As she kept track of the distance she swam, she translated it into a goal of swimming the distance to the next town. Then we would meet in that town for lunch to celebrate as she achieved her goal. As time went on she gave up those goals and swam for the sake of swimming. Now, for the past three years,my friend and I join her early in the morning, three times a week, to swim laps at the local aquatic centre. We make sure to show up since, rain or shine, my 84 year-old Mother is waiting for us as we walk off the ferry car warmed up, and ready to go.
When my stepbrother died suddenly from cancer the year that she turned 80, it was painful for us all. Mother found her own way to cope with the terrible loss that year by picking up a brush for the first time and beginning and read the books, she learned how to paint. Now my sister and I and all the grandchildren have original watercolors on our walls. She painted place cards for the table for all fourteen of us spring flowers for Easter and winter scenes for Christmas. Of course, she gave me a few extras for unexpected guests. As my artist friend says, "all of her paintings and sketches contain something that most amateur art does not spirit, generosity and attention to detail."
In her 70's, when many of her friends turned over the programming of electronic equipment to their grandchildren things like VCR's, movie cameras, televisions she got out the directions and learned to do things herself. From filming and editing movies of trips with her husband, to taping TV programs she might be interested in later, she simply took the time to learn how to operate equipment. When her husband's eyes deteriorated with the onset of macular degeneration, she suddenly found herself in the position of being the head driver at age 77. For twenty five years, she had been the passenger when they drove together. Driving meant more than going to the store or to the doctor's office. Now it meant helping with the drive to Arizona and back, where she and my stepfather spent the four months of winter. Once again, she demonstrated her ongoing ability to stay open to learning new things.

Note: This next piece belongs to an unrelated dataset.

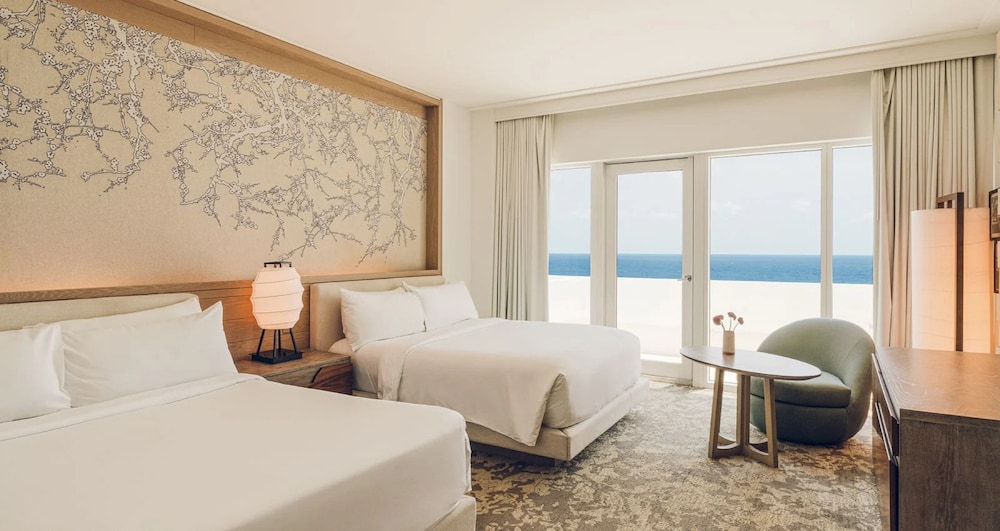 ROOM, 2 QUEEN BEDS, OCEAN VIEW, BALCONY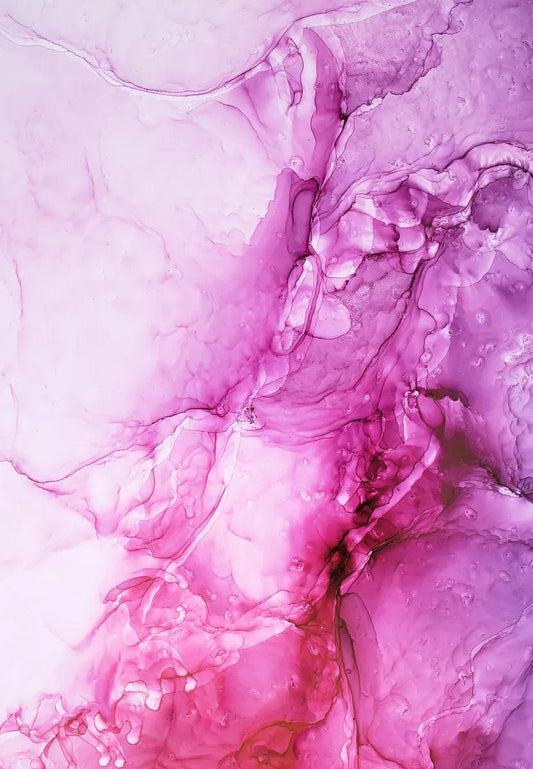 Tablou Canvas - Abstract Cerneala Mov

Whether it is putting up the Christmas lights on her balcony, doing her taxes, or travelling across the continent to see her sick brother she simply sees what needs doing and if she can do it she does, and if not, she gets the help she needs. Learning and being realistic is part of who she is. Being a beginner is always difficult and is made no easier when you are 80. We all seem to want to be smarter, more talented and a bit more clever than we really are. But what she has come to see is that you don't know what you can do until you've done it. "Paint, swim, use a movie camera why I have no idea how," she used to say. After learning and practicing she looks at her work and thinks, "who did that?"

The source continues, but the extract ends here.